Step 5 : Visualize the data and regression line

sns.set_style('whitegrid')
sns.relplot(data=df_mastercard_new, x = 'Dividends', y = 'trend', kind='line')
plt.show()
fig, ax = plt.subplots()

ax.plot(df_mastercard_new.Dividends, df_mastercard_new.trend, color = 'r')
ax.set_xlabel('Dividend')
ax.set_ylabel('Stocks')
plt.show()

Step 6 : Perform Sigma Rule 1 and 2 Rule

my_sigma = 0.152
df_mastercard_new['lwr_obs_68'] = df_mastercard_new.trend - my_sigma
df_mastercard_new['upr_obs_68'] = df_mastercard_new.trend + my_sigma
 
df_mastercard_new['lwr_obs_95'] = df_mastercard_new.trend - 2 * my_sigma
df_mastercard_new['upr_obs_95'] = df_mastercard_new.trend + 2 * my_sigma

Step 7 : Visualize the data and see the uncertainty level of variation from the dataset

fig, ax = plt.subplots()

### True Trend 
ax.plot(df_mastercard_new.Dividends, df_mastercard_new.trend, color = 'crimson', linewidth = 1.5)

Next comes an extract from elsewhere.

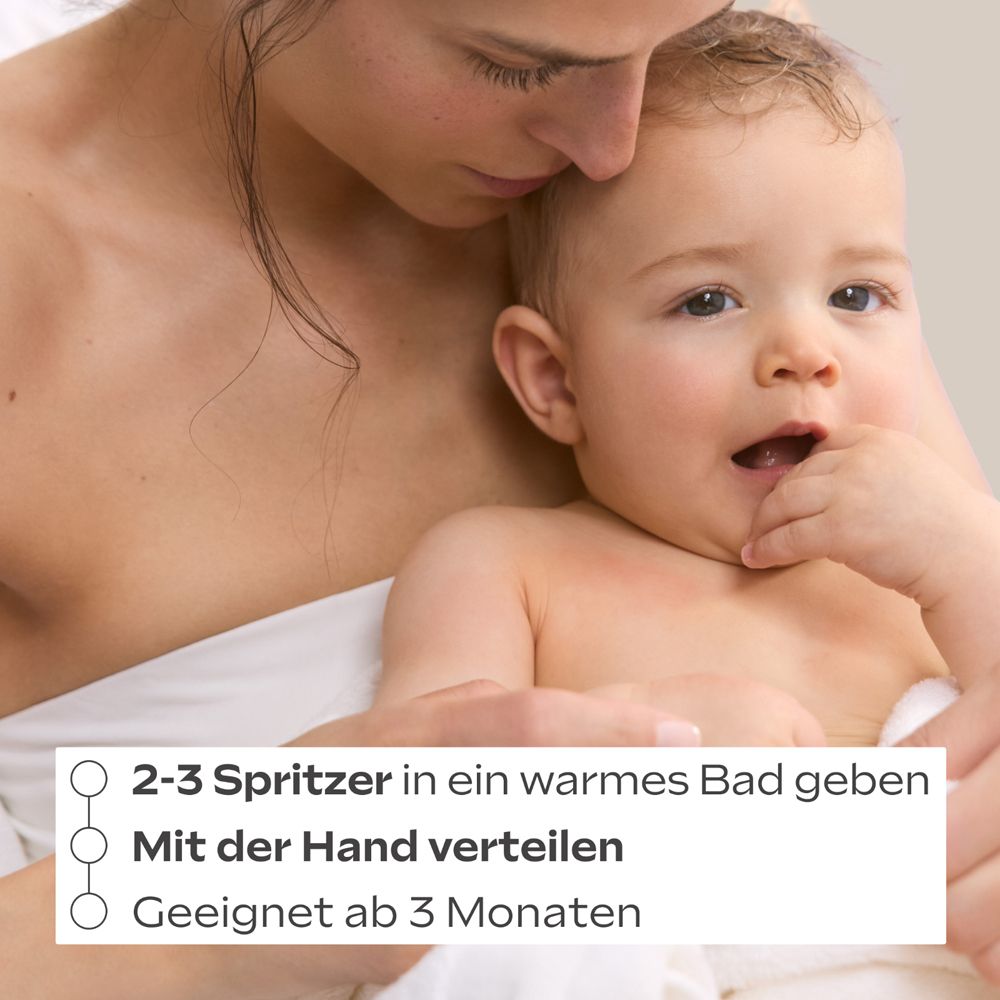 Baby im Bad. Text: 2-3 Spritzer in warmes Bad geben. Mit der Hand verteilen. Geeignet ab 3 Monaten.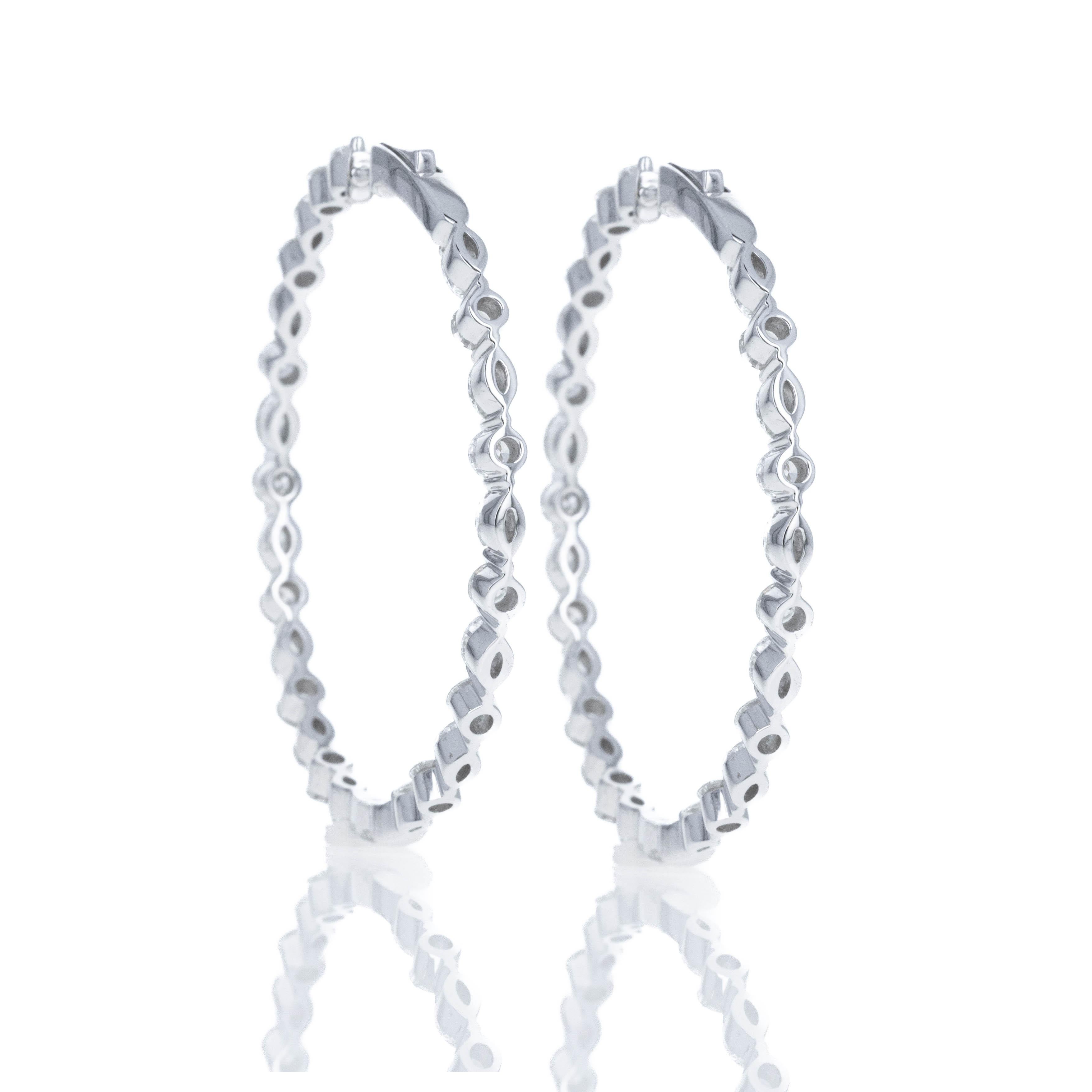 Donna Orecchini a cerchio alternati con diamante rotondo in oro bianco 18 carati da 5,61 carati in vendita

### Variation around the trend line using 2 sigma interval 
ax.fill_between(df_mastercard_new.Dividends, df_mastercard_new.lwr_obs_95, df_mastercard_new.upr_obs_95, facecolor = 'crimson', alpha = 0.35)


### Variation around the trend line using 1 sigma interval 
ax.fill_between(df_mastercard_new.Dividends, df_mastercard_new.lwr_obs_68, df_mastercard_new.upr_obs_95,facecolor = 'crimson', alpha = 0.35)

### Set Labels
ax.set_xlabel('Dividend Value')
ax.set_ylabel('Stocks')

### Show the Plot 
plt.show()

Reviewing the non linear relationship, here the trend is linearly related with an unknown intercept and slope

Repeat the same steps like linear (except the formula)  
my_intercept = 0.25
my_slope = -2.25
df_mastercard_new = pd.DataFrame({'x':np.linspace(-3.14159, +3.14159, num=101)})
df_mastercard_new['trend'] = my_intercept + my_slope * df_mastercard_new.x
df_mastercard_new['y'] = rg.normal(loc=df_mastercard_new.trend, scale=my_sigma, size = df_mastercard_new.shape[0])
df_mastercard_new['trend'] = my_intercept + my_slope * np.sin(df_mastercard_new.x)
sns.set_style('whitegrid')
fig, ax = plt.subplots()

ax.plot(df_mastercard_new.x, df_mastercard_new.trend, color = 'crimson',linewidth = 1.5)
ax.set_xlabel('x')
ax.set_ylabel('Trend')
plt.show()
sns.relplot(data=df_mastercard_new, x = 'x', y= 'trend')
plt.show()

Use Case : Considering Sigma Value as 0.55, this gives the uncertainty around the trend line and dividend details

my_sigma = 0.55
df_mastercard_new['obs_lwr_68'] = df_mastercard_new.trend - my_sigma
df_mastercard_new['obs_upr_68'] = df_mastercard_new.trend + my_sigma
df_mastercard_new['obs_lwr_95'] = df_mastercard_new.trend - 2* my_sigma
df_mastercard_new['obs_upr_95'] = df_mastercard_new.trend + 2* my_sigma 
df_mastercard_new
fig, ax = plt.subplots()

### True Trend 
ax.plot(df_mastercard_new.x, df_mastercard_new.trend, color = 'crimson', linewidth = 1.5)

### Variation around the trend -2 sigma interval 
ax.fill_between(df_mastercard_new.x, df_mastercard_new.obs_lwr_95, df_mastercard_new.obs_upr_95, color = 'crimson', alpha = 0.2)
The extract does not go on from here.